• _TASK STATEMENT_
Below, find the line containing "Citizen Kane [Criterion" and the line containing "Bottes cross Alpinestars"; reproduce exactly those two and every line between them, omitting pictures.

• _DATA PROVIDED_
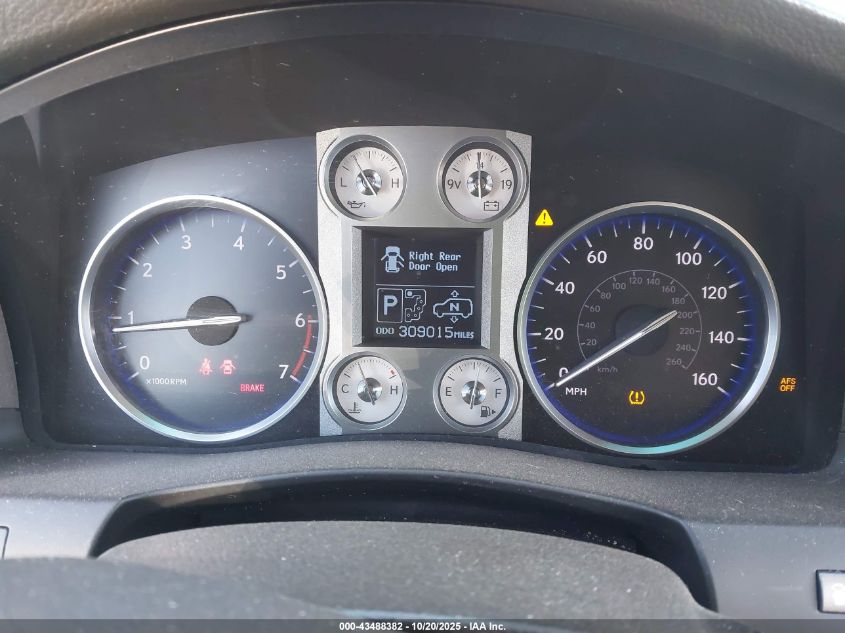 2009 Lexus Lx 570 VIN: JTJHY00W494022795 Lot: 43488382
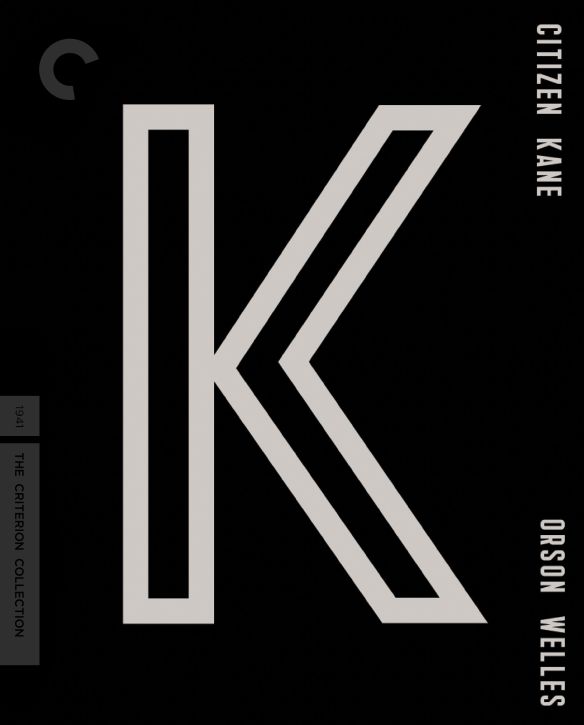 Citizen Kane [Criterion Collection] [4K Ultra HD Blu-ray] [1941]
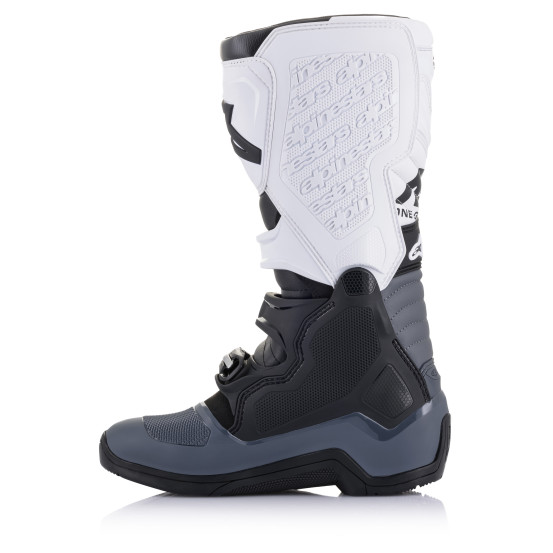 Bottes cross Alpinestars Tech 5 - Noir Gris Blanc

* * *

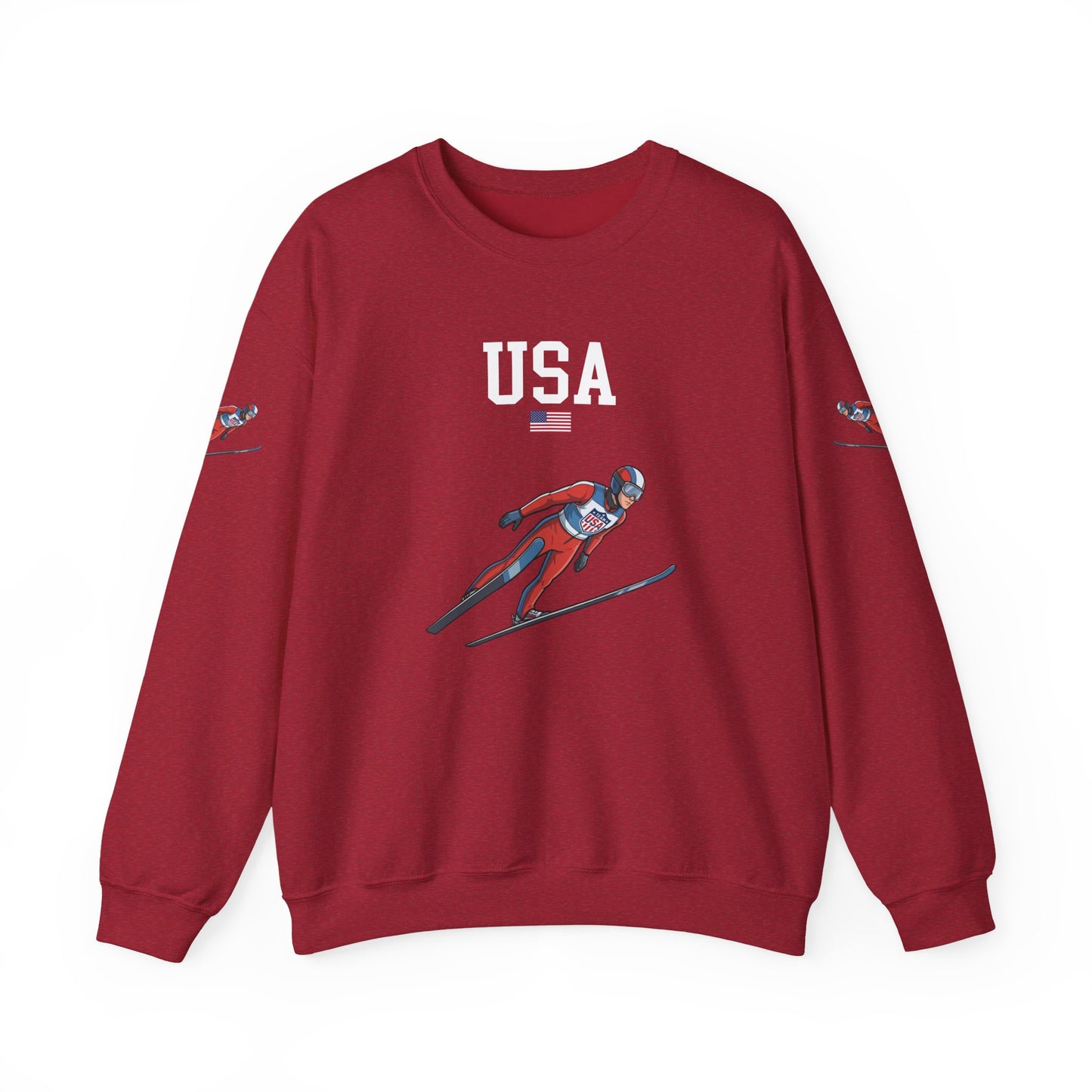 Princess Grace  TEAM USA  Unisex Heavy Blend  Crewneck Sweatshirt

• _ANSWER FOR THIS EXERCISE_
 Citizen Kane [Criterion Collection] [4K Ultra HD Blu-ray] [1941]
 Bottes cross Alpinestars Tech 5 - Noir Gris Blanc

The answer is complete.